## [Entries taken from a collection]

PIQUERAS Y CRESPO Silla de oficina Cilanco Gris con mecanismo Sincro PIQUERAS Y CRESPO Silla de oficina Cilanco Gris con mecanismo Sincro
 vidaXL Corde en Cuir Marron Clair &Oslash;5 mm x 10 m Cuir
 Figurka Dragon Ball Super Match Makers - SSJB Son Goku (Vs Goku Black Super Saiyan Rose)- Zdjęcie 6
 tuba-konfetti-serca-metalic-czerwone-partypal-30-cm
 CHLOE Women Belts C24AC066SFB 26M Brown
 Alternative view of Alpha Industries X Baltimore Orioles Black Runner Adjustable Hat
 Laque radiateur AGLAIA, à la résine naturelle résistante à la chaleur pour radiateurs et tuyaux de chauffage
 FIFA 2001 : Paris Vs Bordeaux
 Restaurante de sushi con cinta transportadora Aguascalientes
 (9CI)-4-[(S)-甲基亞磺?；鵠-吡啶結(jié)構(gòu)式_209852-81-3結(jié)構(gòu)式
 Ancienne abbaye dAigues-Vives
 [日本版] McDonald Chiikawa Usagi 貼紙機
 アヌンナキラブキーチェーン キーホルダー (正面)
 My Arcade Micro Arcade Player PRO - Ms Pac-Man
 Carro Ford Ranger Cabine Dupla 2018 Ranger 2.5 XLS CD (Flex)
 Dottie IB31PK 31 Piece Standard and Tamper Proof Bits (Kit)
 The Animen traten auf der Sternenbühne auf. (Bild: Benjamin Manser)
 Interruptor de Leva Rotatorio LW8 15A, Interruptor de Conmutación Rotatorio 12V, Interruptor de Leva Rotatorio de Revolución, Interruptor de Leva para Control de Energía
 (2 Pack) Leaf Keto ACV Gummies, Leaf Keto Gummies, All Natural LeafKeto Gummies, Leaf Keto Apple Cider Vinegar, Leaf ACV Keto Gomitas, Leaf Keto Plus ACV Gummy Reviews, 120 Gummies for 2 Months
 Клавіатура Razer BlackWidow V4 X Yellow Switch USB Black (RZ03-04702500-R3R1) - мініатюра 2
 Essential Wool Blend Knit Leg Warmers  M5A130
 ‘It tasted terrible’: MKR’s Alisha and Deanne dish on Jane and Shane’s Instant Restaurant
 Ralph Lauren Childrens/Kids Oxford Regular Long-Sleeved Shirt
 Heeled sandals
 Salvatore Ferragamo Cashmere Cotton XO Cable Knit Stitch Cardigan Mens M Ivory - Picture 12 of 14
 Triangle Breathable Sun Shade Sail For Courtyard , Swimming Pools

## [What you will do]
Every line from the one containing "Essential Wool Blend" to the close of the records must be reproduced exactly. Include both ends and nothing more.

## [Answer to this problem]
 Essential Wool Blend Knit Leg Warmers  M5A130
 ‘It tasted terrible’: MKR’s Alisha and Deanne dish on Jane and Shane’s Instant Restaurant
 Ralph Lauren Childrens/Kids Oxford Regular Long-Sleeved Shirt
 Heeled sandals
 Salvatore Ferragamo Cashmere Cotton XO Cable Knit Stitch Cardigan Mens M Ivory - Picture 12 of 14
 Triangle Breathable Sun Shade Sail For Courtyard , Swimming Pools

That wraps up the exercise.